New Poll Shows Broad Support For Laws To Protect Against Misleading Wine Labels

Global wine alliance calls on U.S. lawmakers to heed consumers' demand for accurate and clear wine labels.


NEW YORK, March 5, 2018 (PRNewswire-USNewswire) — The Wine Origins Alliance today released the results of a new poll that finds 94 percent of American wine drinkers support laws that would protect consumers from misleading wine labels. The results, announced at Vinexpo New York, underscore the importance location plays in wine. The Alliance also called on U.S. lawmakers to heed consumers' demand for accurate and clear wine labels, and outlined plans to meet with members of Congress.

"This survey reflects what we already knew: consumers want wine labels to accurately reflect the contents of the wine bottle," said Anthony Sannino, president of the Long Island Wine Council. "In two days, we will be meeting with members of Congress to urge them to heed consumers' growing demand for accurate and clear wine labels. Our current laws are not enough to protect and inform consumers."

The poll, conducted by GBA Strategies, also found that 70 percent of American wine drinkers believe that allowing American producers to misuse foreign wine region names on their labels is deceptive to American consumers, and 70 percent believe that allowing American wine producers to misuse region names makes it harder for U.S. wine regions to protect the misuse of their name on foreign labels. It also found widespread consumer reliance on information about where a wine is from: 79 percent of consumers consider the region an important factor when buying a bottle of wine.
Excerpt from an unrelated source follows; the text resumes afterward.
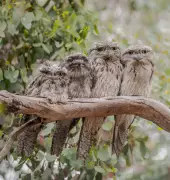 The Secret Lives of Tawny Frogmouths: Australia's Masters of Disguise Revealed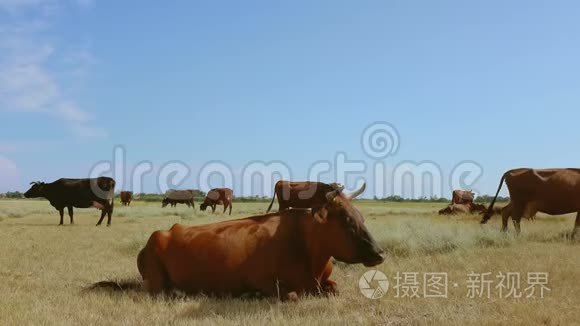 有趣的棕牛咀嚼动物视频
"We represent some of the world's leading wine regions that have taken a clear, collective stand to ensure wine region names are protected and not abused or miscommunicated to consumers," said Linda Reiff, president and CEO of the Napa Valley Vintners. "But here in the United States, some wine region names are not protected. This makes it hard for Napa and other U.S. regions to protect their names around the world when their very own government doesn't extend that same protection to others."

In the European Union and Australia, wine region names are protected through a registry of geographical indications. In the United States, they are protected through well-established federal and state laws that protect American Viticultural Areas, or AVAs, for the wine industry inside its borders. However, the U.S. permits the use of wine region names like Champagne, Chablis, Chianti, Port and Sherry on labels of wines that do not originate in those European regions.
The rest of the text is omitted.